Do you ever find that grace is hard to comprehend, especially the grace of God? Have you ever struggled not to view yourself as the blackest and most vile of sinners even after salvation? Someone whom God has slopped the white paint of His grace over, much like someone slopping white paint on a black wall, trying to hide the darkness but failing so that blackness peeks through and shadows the white. You see yourself as though you are only a partly covered by His grace, but underneath is your pitch black soul. You think, but how could He love me, does He not see my sin, my worthlessness and failings? You fight this idea of grace, freely given, that washes you bleached white. Grace that is not poorly covering your sin, but grace that has washed it all away as totally as bleach washes your mother's sheets crisp and spotless white.
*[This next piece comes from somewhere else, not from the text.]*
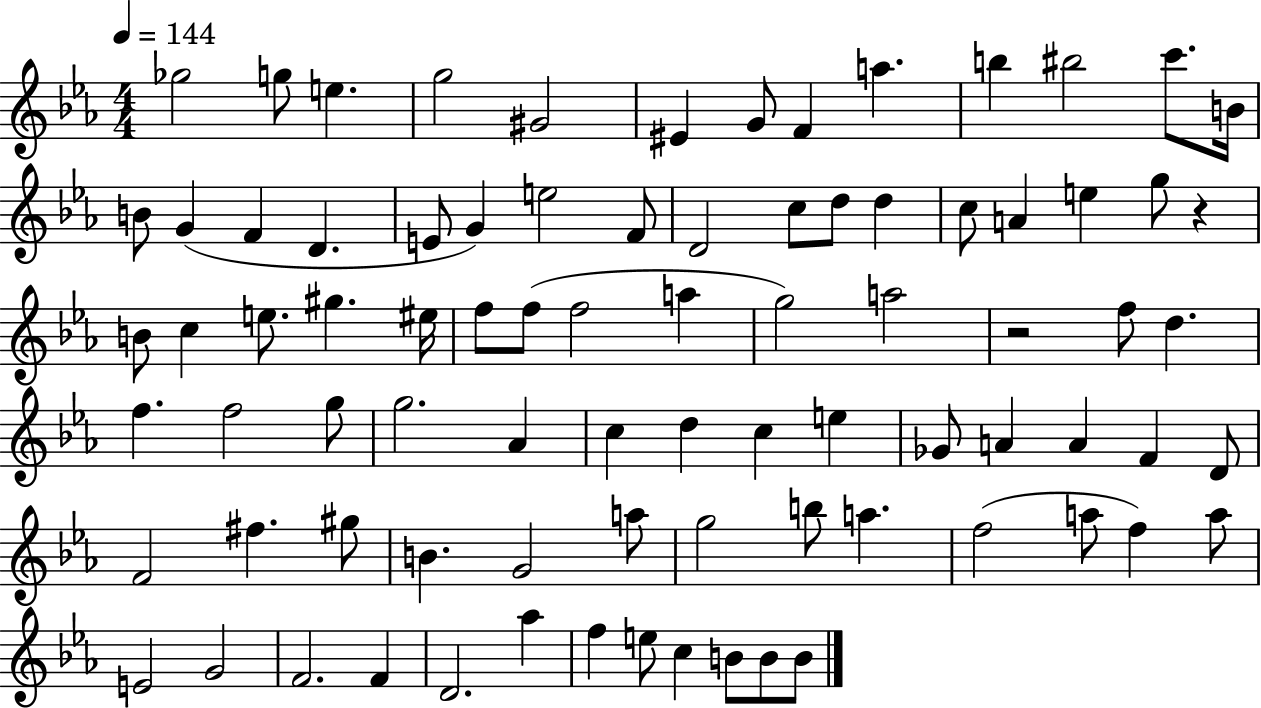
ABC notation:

"But how could anyone love me that much if they really knew what I am?"
This is the mystery, the greatness, that has left generations in awe. There is no human reasoning that could explain a love like His. A love that sees, not passed our sin, but sees us as though we had never sinned. Who does not see us as we once were, but as we never can be on earth, sinless, flawless, perfect.
There is nothing we can do to attain this perfection in His eyes. No number of works or words. It is the amazing grace extended to us, the righteousness of His own Son.
"He made Him who knew no sin to be sin on our behalf, so that we might become the righteousness of God in Him" (2 Corinthians 5:21).